I currently have a i7 4970k and i worked out for another extra £50 (after selling items) i can upgrade to ddr 4 ram 16gb but with my budget being a student and all i will have to get an i5 6600k which is next generation to my current chip.

I only use my pc for gaming such as Witcher 3, bf4, wow and soon to come bf1.

Question is for a £50 difference i really want to upgrade to 1151 and ddr4 but im worried about the i7 4970k to i5 6600k? If the difference is identical in gaming performance i dont mind...

Thanks in advance.
 
It might be a small upgrade or a (slightly larger) downgrade depending on the game, overclocks, etc.

I wouldn't do it just for the faff though tbh.
 
Two games the op mentions, (bf4 and bf1) will run slightly better on the 4790k. Bf3/4 both make use of extra cores/threads so id expect bf1 to be the same.
 
As mentioned it's going backwards. A 4790k is still one of the best gaming chips available, Aren't we expecting the additional threads to come into play more with the newer api's? That's what I'm expecting.
 
As mentioned it's going backwards. A 4790k is still one of the best gaming chips available, Aren't we expecting the additional threads to come into play more with the newer api's? That's what I'm expecting.

The effect of hyperthreading has always been unpredictable. Basically it's useful to smooth out stalls from other components, especially I/O. See this for a much more technical explanation http://stackoverflow.com/a/22336602

For high performance codes, i.e. when you're pretty sure to be CPU or memory limited, it usually slows things down. The common exception is Cinebench, which some say might be due to the overheads in decomposing the workload being smoothed out by using extra threads. (See https://www.pugetsystems.com/labs/hpc/Hyper-Threading-may-be-Killing-your-Parallel-Performance-578/)

In games it's still quite rare for hyperthreading to improve performance, simply because the GPU is usually the bottleneck. The anandtech bench chart for 6600K vs 6700K is very good in that it shows averages, minimums, and some '% frames over 16 ms' for several games on several GPUs with and without multi-GPU:

http://www.anandtech.com/bench/product/1544?vs=1543

Even bearing in mind the i7 is 500 MHz faster than the i5 in this case, there are only a couple of benchmarks that show the i7 offering a small improvement (IMO).
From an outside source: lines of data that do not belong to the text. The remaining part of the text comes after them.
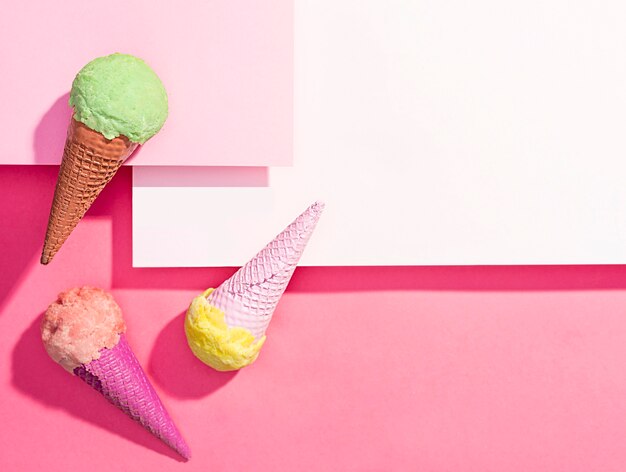 Free Photo top view ice cream on table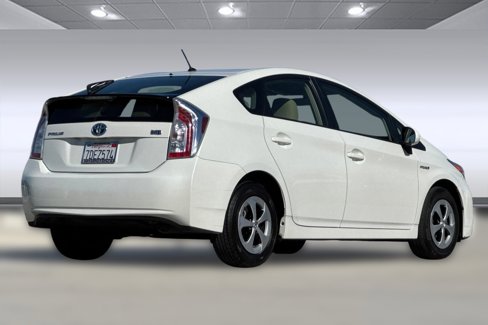 Used 2014 Toyota Prius Two image 3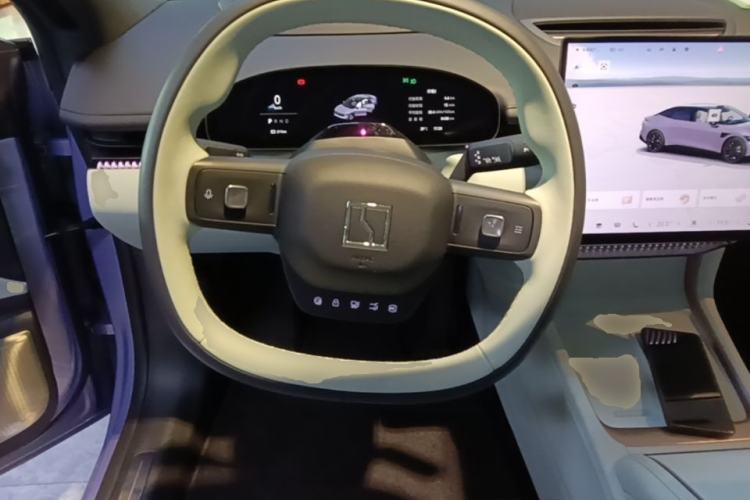 Used Zeekr 007 2025 Four-Wheel Drive Intelligent Driving Version 75 kWh Steering Wheel
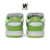 Nike SB Dunk Low x Supreme "Stars Mean Green" en internet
These are

Shadow of Mordor on 2x MSI R9 290X Gaming LE 4GB ($380) [Minimum FPS]

and maybe

Grand Theft Auto V on ASUS GTX 980 Strix 4GB ($560) [Under 60 FPS]

i.e. the minimums with crossfire are better on the i7, and the frame times are more consistent with a 980 on the i7.

If I were buying today I wouldn't buy an i7 over an i5, the premium is too large considering the performance difference, and I don't think it's likely to widen soon.
 
Why ddr4?

What does it do in gaming that ddr3 doesn't?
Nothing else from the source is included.